__Work request__
What is needed is a word-for-word copy of the listing below, without pictures.

__Collected material__

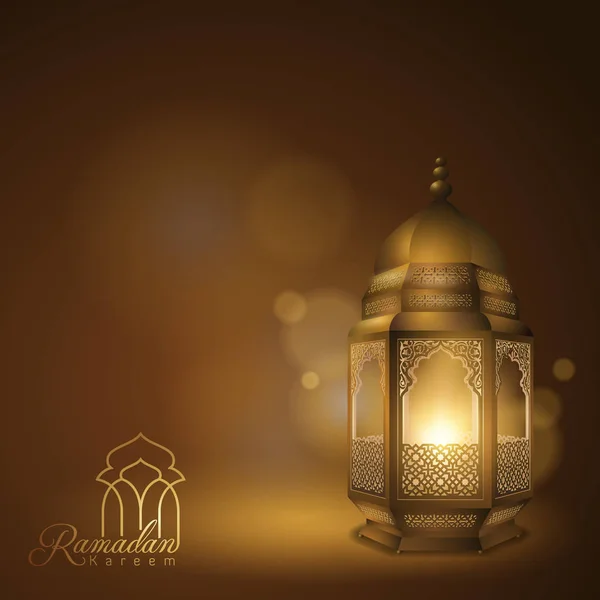 Bannière avec lanterne arabe — Image vectorielle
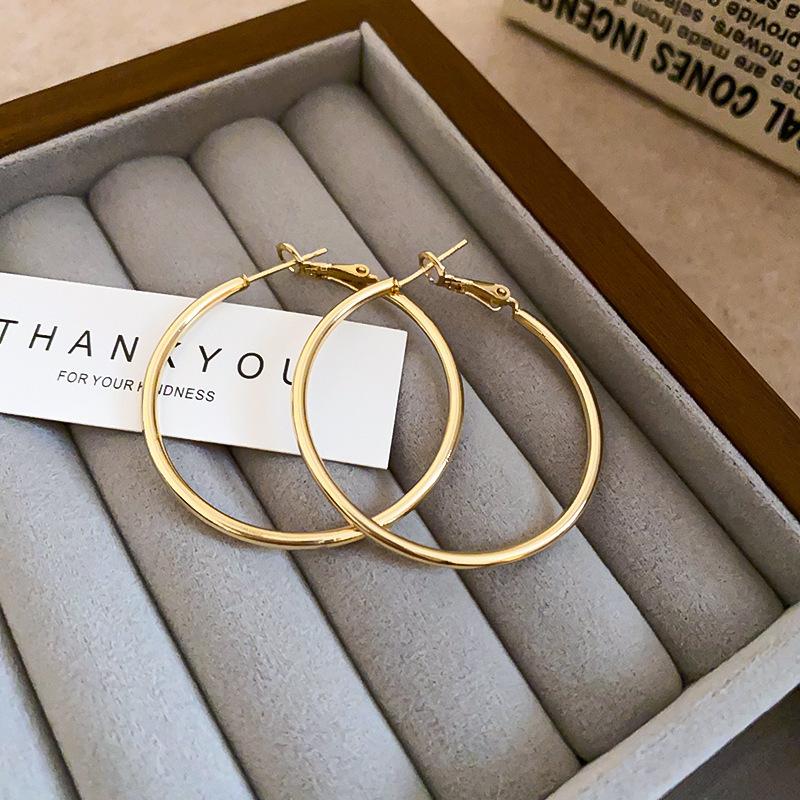 Gold French Simple Round Plain Ring Earrings Light Luxury Earrings Hong Kong Style Earrings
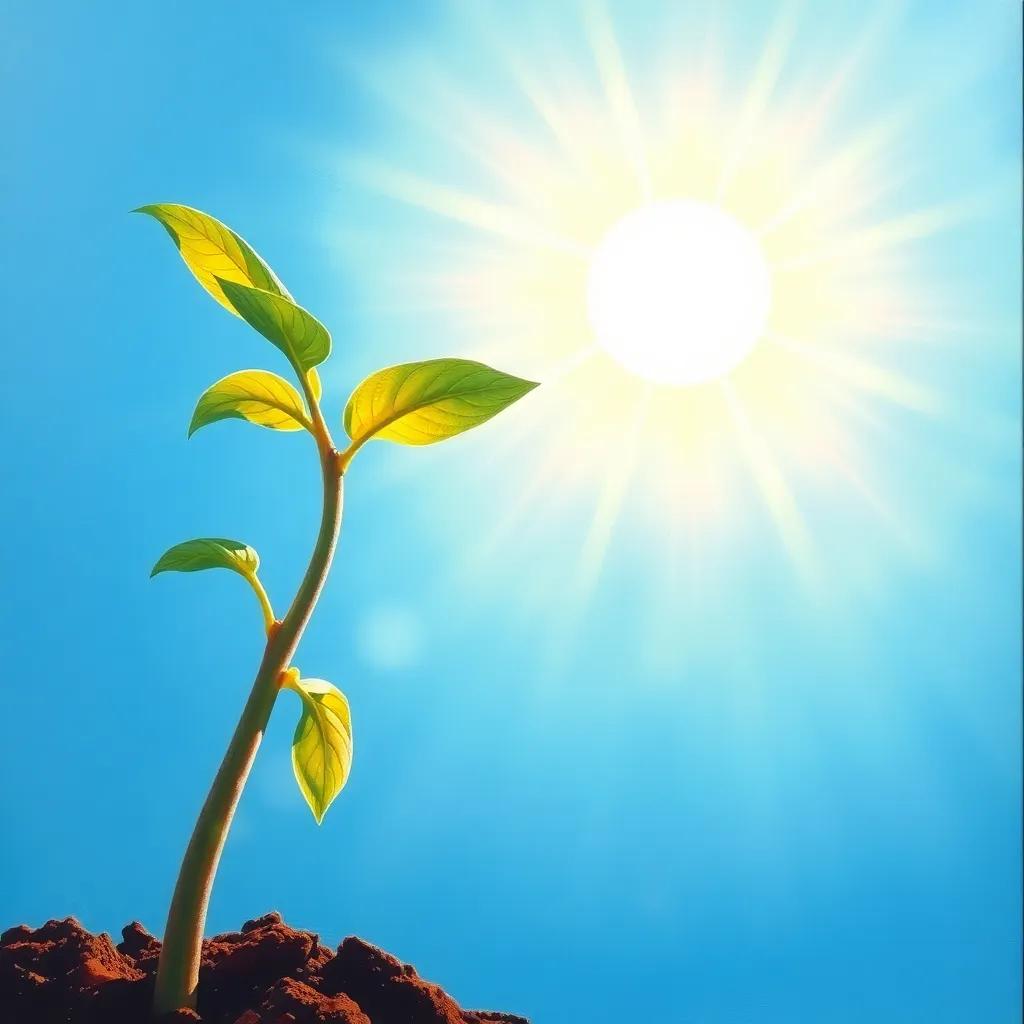 The seedling stretching towards the bright sun with its leaves rustling in the wind, bright blue sky above, feeling energized, dynamic composition, engaging perspective, vivid colors, high quality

__Result of the exercise__
 Bannière avec lanterne arabe — Image vectorielle
 Gold French Simple Round Plain Ring Earrings Light Luxury Earrings Hong Kong Style Earrings
 The seedling stretching towards the bright sun with its leaves rustling in the wind, bright blue sky above, feeling energized, dynamic composition, engaging perspective, vivid colors, high quality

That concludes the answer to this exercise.